Aussi envoûtant que les précédents, voici le dernier agencement répétitif de Laura Vazquez – son deuxième livre aux éditions si singulières de Derrière la salle de bains.
Laura Vazquez, Le Système naturel et simplifié, éditions Derrière la salle de bains, septembre 2014, 10 €.
Trop de poètes veulent réduire le corps à ne parler que du bout du mental en oubliant ses tuyaux et ses trous. Or, la parole est dedans, invaginée ou phallique (et quel que soit le genre), avant sa sortie par effets de musculature et changement de débit. Seul ce qui se passe dans le corps est intéressant. Cela représente la faim des littératures, leur commencement. En dépit des histoires de caverne made in Platon. Mais il est plus facile de penser ainsi que de faire passer le franc « colimaçonnique » de l’inconnu. Laura Vazquez ose cette postulation poussée à l’obsession et la répétition derrière chaque souffle. La poétesse n’est pas plus une ombre sur une paroi qu’un arbre. Pour preuve, son corps comme elle-même fait beaucoup de choses comme il en refuse d’autres :
« mon ventre ne fait pas de miel, moi
mon ventre ne fait pas de bruit
quand tu viendras, tu pourras voir
je sais rouler les cigarettes
je sais m’endormir en bougeant »
Il est donc facile de comprendre que son romantisme (qui existe bel et bien) est particulier :
« je m’ennuie quand je pense à tout
je voudrais être un château crevé
je voudrais être un cheval pourri. »
Ce qui ne l’empêche pas dans ses martèlements phrastiques sourds d’appeler l’autre à l’horizon de son espoir :
« viens me parler, viens dans ma chambre
viens par les clés ».
Car – répétons-le d’autant qu’elle ne cesse de le scander – Laura Vazquez n’est pas un arbre. Même si elle a besoin d’être arrosée :
« toi tu es une goutte
et tu tombes sur ta tête
il faut que tu tombes sur le toit
tu dois faire pousser des plantes »
et la plus belle des plantes qui l’appelle :
« viens vite avec tes branches sales
viens parler avec ma bouche
avec ta bouche
viens parler avec ma chambre
avec ma bouche
viens me parler sur les doigts
avec ta bouche »
afin que l’horizon de l’amour s’annonce dans un parc où les arbres inconnus improvisent leurs croissances. L’auteure n’a pourtant rien d’une femme légère, sans être pour autant collet monté. Les cols Claudine ne sont pas de son fait – et elle peut se laisser séduire par le passage d’un amant. Mais elle n’en fait pas la collection. Sa vie ne rentre pas dans des cartons. Rien n’y est fait pour être empilé. Tout est disponible. Et ses vêtements seront portés par d’autres. Elle garde un sac, des crayons, du papier et de quoi se changer avec brosse à dents, et savon. Elle rend facilement les clés, prend un billet de train. Elle n’est pas de ces filles qui prônent des orgies de vermillon dans leur chevelure de blé noir. Mais dans la sienne s’entend le chant des moineaux plus que celui des Horace et des Curiace. Leur guerre ne démobilise pas son sommeil de paix.
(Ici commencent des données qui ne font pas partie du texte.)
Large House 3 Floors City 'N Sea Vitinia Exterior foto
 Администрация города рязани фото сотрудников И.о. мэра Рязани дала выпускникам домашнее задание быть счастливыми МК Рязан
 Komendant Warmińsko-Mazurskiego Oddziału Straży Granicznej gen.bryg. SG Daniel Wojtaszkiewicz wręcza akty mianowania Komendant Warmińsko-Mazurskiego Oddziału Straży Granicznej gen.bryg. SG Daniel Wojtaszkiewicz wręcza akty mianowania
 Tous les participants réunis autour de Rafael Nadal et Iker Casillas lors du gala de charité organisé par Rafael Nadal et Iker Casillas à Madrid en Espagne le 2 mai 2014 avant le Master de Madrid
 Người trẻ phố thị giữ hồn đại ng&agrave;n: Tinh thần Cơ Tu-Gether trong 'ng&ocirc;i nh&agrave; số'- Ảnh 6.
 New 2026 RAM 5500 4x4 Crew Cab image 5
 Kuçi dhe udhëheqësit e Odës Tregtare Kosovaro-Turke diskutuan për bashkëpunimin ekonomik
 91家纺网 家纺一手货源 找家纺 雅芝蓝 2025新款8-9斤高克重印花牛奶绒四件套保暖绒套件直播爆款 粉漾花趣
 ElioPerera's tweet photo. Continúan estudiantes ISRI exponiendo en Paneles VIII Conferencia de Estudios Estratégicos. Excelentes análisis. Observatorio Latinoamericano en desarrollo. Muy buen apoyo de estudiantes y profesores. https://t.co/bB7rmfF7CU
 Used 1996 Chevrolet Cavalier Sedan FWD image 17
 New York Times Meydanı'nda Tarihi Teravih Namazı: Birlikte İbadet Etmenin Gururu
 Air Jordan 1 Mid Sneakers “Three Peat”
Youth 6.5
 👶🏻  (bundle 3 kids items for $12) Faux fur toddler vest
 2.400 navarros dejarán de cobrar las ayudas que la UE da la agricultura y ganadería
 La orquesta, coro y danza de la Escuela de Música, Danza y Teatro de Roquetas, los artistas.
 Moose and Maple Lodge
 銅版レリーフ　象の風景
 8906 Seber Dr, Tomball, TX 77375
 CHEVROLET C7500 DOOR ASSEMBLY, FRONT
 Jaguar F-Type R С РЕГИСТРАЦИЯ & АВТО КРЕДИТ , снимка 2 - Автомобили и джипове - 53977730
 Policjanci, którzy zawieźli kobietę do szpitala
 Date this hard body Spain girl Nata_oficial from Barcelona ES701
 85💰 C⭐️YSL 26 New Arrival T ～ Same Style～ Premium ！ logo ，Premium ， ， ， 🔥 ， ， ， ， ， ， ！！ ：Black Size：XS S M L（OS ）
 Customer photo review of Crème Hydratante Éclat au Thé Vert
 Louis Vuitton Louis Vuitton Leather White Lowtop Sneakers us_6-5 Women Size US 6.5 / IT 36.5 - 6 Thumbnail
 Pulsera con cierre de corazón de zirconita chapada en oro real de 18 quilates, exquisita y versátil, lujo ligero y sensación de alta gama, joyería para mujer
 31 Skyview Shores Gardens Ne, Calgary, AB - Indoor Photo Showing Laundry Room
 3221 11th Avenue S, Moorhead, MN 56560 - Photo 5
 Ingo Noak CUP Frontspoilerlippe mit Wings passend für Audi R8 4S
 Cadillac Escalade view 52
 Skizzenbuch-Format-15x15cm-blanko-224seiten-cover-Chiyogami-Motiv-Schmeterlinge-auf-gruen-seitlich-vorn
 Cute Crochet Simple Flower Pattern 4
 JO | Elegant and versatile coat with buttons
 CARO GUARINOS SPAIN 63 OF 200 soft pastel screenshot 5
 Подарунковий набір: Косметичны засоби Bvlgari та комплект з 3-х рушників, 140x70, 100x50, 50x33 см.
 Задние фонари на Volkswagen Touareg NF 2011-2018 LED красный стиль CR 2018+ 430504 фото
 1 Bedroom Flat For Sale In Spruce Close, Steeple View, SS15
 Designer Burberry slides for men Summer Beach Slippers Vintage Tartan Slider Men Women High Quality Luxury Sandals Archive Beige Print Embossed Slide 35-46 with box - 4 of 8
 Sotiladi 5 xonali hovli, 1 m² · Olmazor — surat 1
Le lecteur baisse les yeux devant tant de limpidité comme devant les seins des femmes. Ses vers si rapides deviennent des coquillages hantés d’imaginaire de nacre. Sans oublier les hommes épaves. L’œuvre creuse la glaise du silence, appelle des lisières qui ouvrent à la pénétration – sans rien d’impudique. La goutte partagée, son cristal sur les lèvres ne sont pas là pour ressasser de l’éros basique. Il parle une langue nouvelle : dans le plus empêché, elle pousse en troublant le chic et le chiqué. Là où tout est dominé par effet de métaphore active pour réveiller le boucan du corps qu’on « étouffe. Musique alors musique. Non par où ça monte mais où ça descend et tombe. Le corps n’est plus seulement un télégraphe intelligent. La langue l’incarne soufflant très fort en une sorte de piston symphonique en refrains, elle dépasse l’interdit mais sans monstration spectaculaire, séductrice. L’extérieur est à l’intérieur. L’intérieur est à l’extérieur. Les femmes ne sont pas séparées des hommes. La poétesse les fait même remonter plus haut que l’animal. Et qu’importe si la vue tue.